What Flags Are OK To Desecrate?

What do you call it when a group selectively uses the mechanisms of the State to suppress expression of a point of view they find politically objectionable?

If you're the San Francisco State University administration, the SFSU student council, Students Against War, the International Socialist Organization, or the General Union of Palestinian Students, you call it "protecting diversity," "preventing violence," or "promoting tolerance."

This story starts with an "anti-terrorism rally" held last October on campus by the College Republicans. To emphasize their point, students stomped on Hezbollah and Hamas flags.
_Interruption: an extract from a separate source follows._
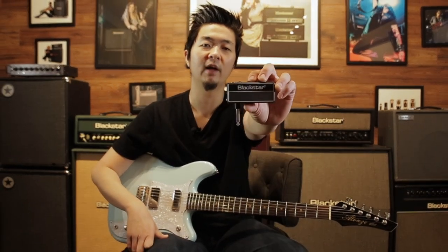Hello everybody, my name is Kenny and today I'm going to talk about the Amplug 2 Fly by Blackstar.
According to the college paper, the Golden Gate (X)Press, members of Students Against War and the International Socialist Organization showed up to call the Republicans "racists," while the president of the General Union of Palestinian Students accused the Repubs of spreading false information about Muslims.
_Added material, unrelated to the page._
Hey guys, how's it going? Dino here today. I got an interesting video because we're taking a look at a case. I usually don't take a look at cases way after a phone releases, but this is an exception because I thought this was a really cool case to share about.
In November, the Associated Students board passed a unanimous resolution, which the (X)Press reported, denounced the California Republicans for "hateful religious intolerance" and criticized those who "pre-meditated the stomping of the flags knowing it would offend some people and possibly incite violence."
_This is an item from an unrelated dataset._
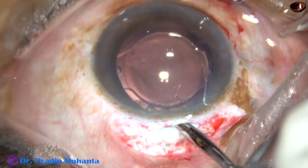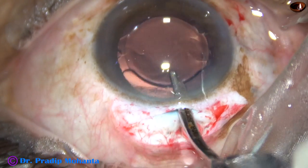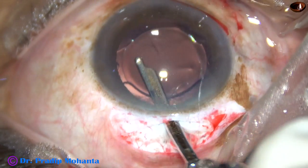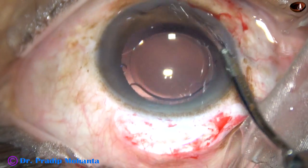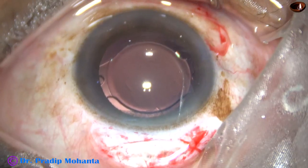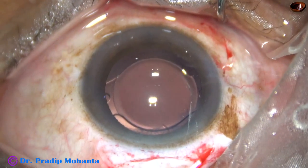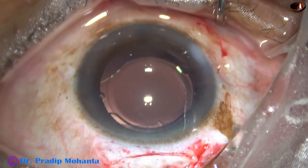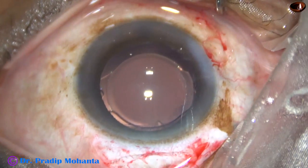Now the visco from behind the intraocular lens as well as from the anterior chamber is removed. We must remove the visco very nicely; otherwise there can be raised intraocular pressure in the postoperative period. Particularly, a lot of visco is retained behind the intraocular lens. So we must go behind the intraocular lens, irrigate the capsular bag, and all the visco from the capsular bag will come out through the main wound.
Now you know that there are students who are opposed to desecrating flags on campus -- that is, if the flags represent terrorist organizations.

But wait -- there's more. A student filed a complaint with the Office of Student Programs and Leadership Development. OSPLD Director Joey Greenwell wrote to the College Republicans informing them that his office had completed an investigation of the complaint and forwarded the report to the Student Organization Hearing Panel, which will adjudicate the charge. At issue is the charge that College Republicans had walked on "a banner with the world 'Allah' written in Arabic script" -- it turns out Allah's name is incorporated into Hamas and Hezbollah flags -- and "allegations of attempts to incite violence and create a hostile environment," as well as "actions of incivility."

At an unnamed date, the student panel could decide to issue a warning to, suspend or expel the GOP club from campus.


The university's response? [SFSU] Spokesperson Ellen Griffin [said], "The university stands behind this process. [...] I don't believe the complaint is about the desecration of the flag. I believe that the complaint is the desecration of Allah."

So what if it is? If a student put a crucifix in a jar of urine, they probably would have gotten a scholarship from the art department. And if people will be uncontrollably driven to violence because someone expresses disgust with a terror organization who acts in the name of Allah, maybe they aren't ready to be Americans. At the very least, they should have had to re-take high school civics.

I oppose American flag burning legislation, because, as much as I'm offended by such action, real Americans respond to expression with either expression of their own, or by walking away. That's what it means to live in freedom. I imagine the SFSU folks also oppose laws against American flag burning, but considering the flag-selectivity of the administration and the complaining student organizations, I have to wonder if their reasons for that opposition have more to do with an approval of the message than any free speech principles.

Alas, this isn't limited to the rarefied atmosphere of San Francisco. At our own institution, the College Republicans had their "Affirmative Action" bake sale shut down by the University. Minute Men and their supporters were shouted down last October and ousted from their speaking event at Columbia. And speakers who violate the campus orthodoxy often face pies, disruption, and threats. At some law schools, new students are publicly warned away from the Federalist Society, and no faculty member will serve as their advisor.

None of this is new or surprising. But this kind of thuggery deserves to be exposed and mocked again and again and again. As often as it takes.


Anonymous said...

As if the PLOs' and American hippies' reasons for desecreting Old Glory have nothing to do with religion.

As if the distinction between what is political and what is religious is discernable.

Orrin Johnson said...

A small victory against the forces of double standardism - the Seattle University Law School chapter if the Men's Law Caucus was, over vociferous objection, approved as an official student organization yesterday.